The practical answer: if your workflow is "deploy n8n, Supabase, and Plausible in two clicks each," Coolify wins this axis cleanly. If you write your own apps and just want them deployed, the catalog size doesn't matter and the other axes do.
How to Pick: Use-Case Recommendations
There's no single winner here. There are matches between a tool and a deployment shape:
- Non-technical team that wants a service library: Coolify. The 300+ template catalog is a meaningful edge.
- Docker-native developer who wants lightweight + standard Compose handling: Dokploy.
- ARM64 hardware (Raspberry Pi, ARM-based VPS): Coolify. Dokploy doesn't advertise ARM64 support in current docs; if you're on ARM, default to Coolify until you've confirmed otherwise.
- Multi-node clustering you'll use this quarter: Dokploy. Native Swarm vs. experimental Swarm is the swing factor.
- Pure Apache 2.0, no possible future paid tier: Coolify.
- Migrating from Heroku and want to keep Heroku Buildpacks: Dokploy.
- Worried about the January 2026 CVEs: an updated Coolify (v4.0.0+) is fine. The real question is your exposure model. If you can't bind the dashboard to a private network or VPN, Dokploy is the lower-stress choice: smaller surface and a shorter history of high-severity disclosures.

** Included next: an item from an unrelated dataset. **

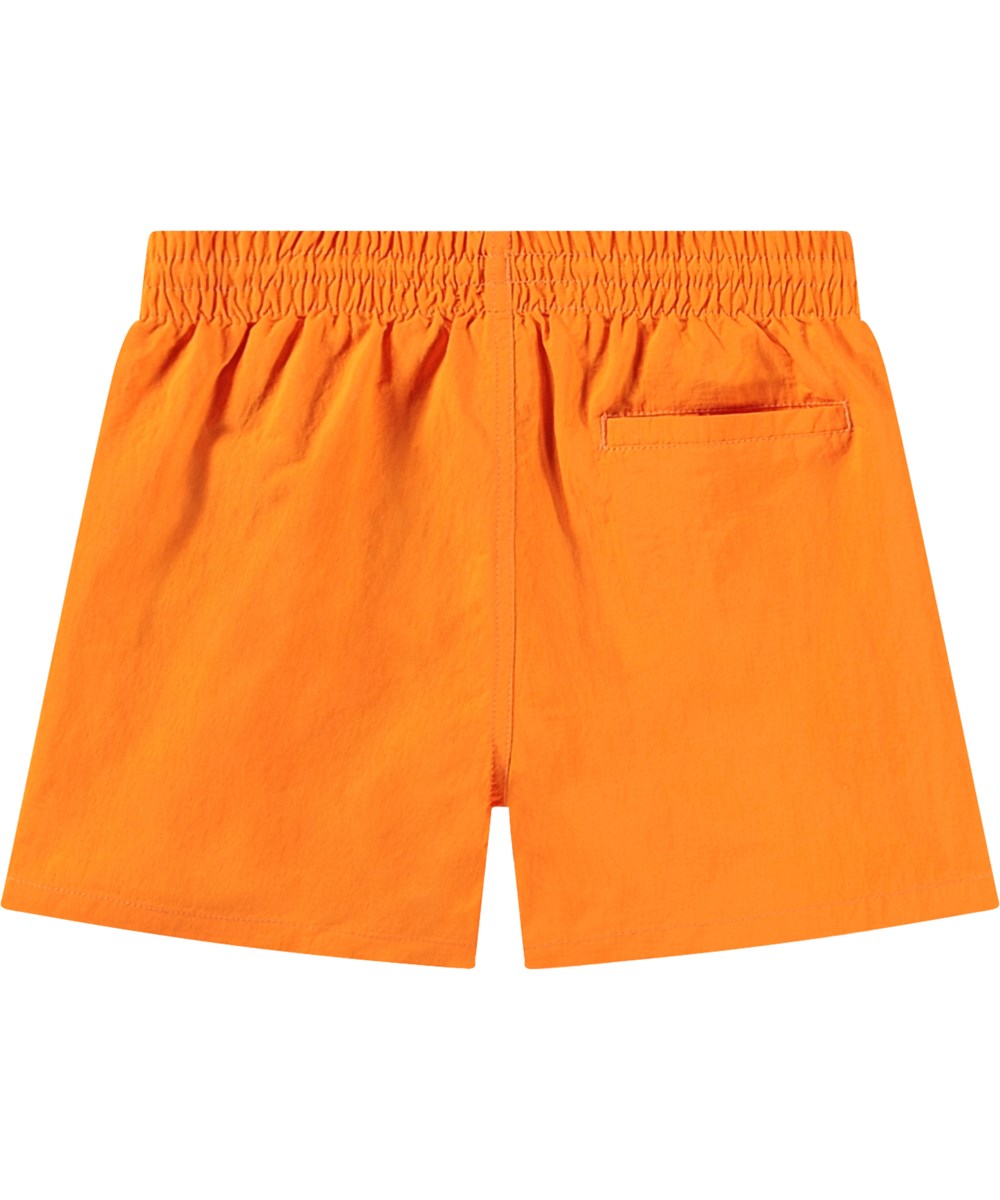 Niko Solid - Tumeric - Sportiga orange badshorts för aktiva barn i återvunnen nylon med UV-skydd 50+.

A Note on Deploying Either Tool
Once you've picked, the install itself is one command on either project, but there's a shortcut worth knowing about. Both Coolify and Dokploy are available as one-click deployments in our marketplace, with Ubuntu 24.04 and Docker preinstalled and the dashboard already accessible. If you want to skip the manual setup, the marketplace listings for Coolify and Dokploy are the fastest path. If you'd rather start from a clean OS and run the official installer yourself, both projects publish a one-line script; pick whichever fits your provisioning workflow.

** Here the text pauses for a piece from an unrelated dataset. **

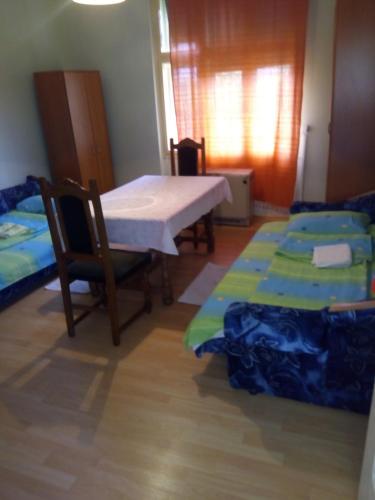a room with two beds and a table and chairs at Soba Macva in Banja Koviljača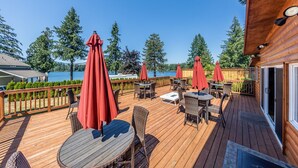 Una terraza de madera con mobiliario exterior, incluidas mesas y sillas, y sombrillas rojas.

Frequently Asked Questions
Is Dokploy Still Open Source After the 2026 License Change?
Yes for the core platform. Effective January 21, 2026, Dokploy's core is standard Apache 2.0. A separate Dokploy Source Available License now governs code in proprietary/ directories, currently scoped to future enterprise features (SSO/SAML, fine-grained RBAC, audit logs, white-labeling). For solo and small-team self-hosted use, Dokploy is functionally open source.
Are the January 2026 Coolify Security Vulnerabilities Still a Concern?
The 11 disclosed CVEs are patched in Coolify v4.0.0 (released April 27, 2026). If you are running v4.0.0 or newer, the disclosed vulnerabilities are addressed. What's left is exposure: keep Coolify updated and don't expose the dashboard to the public internet. Bind it to a private network or sit it behind a VPN.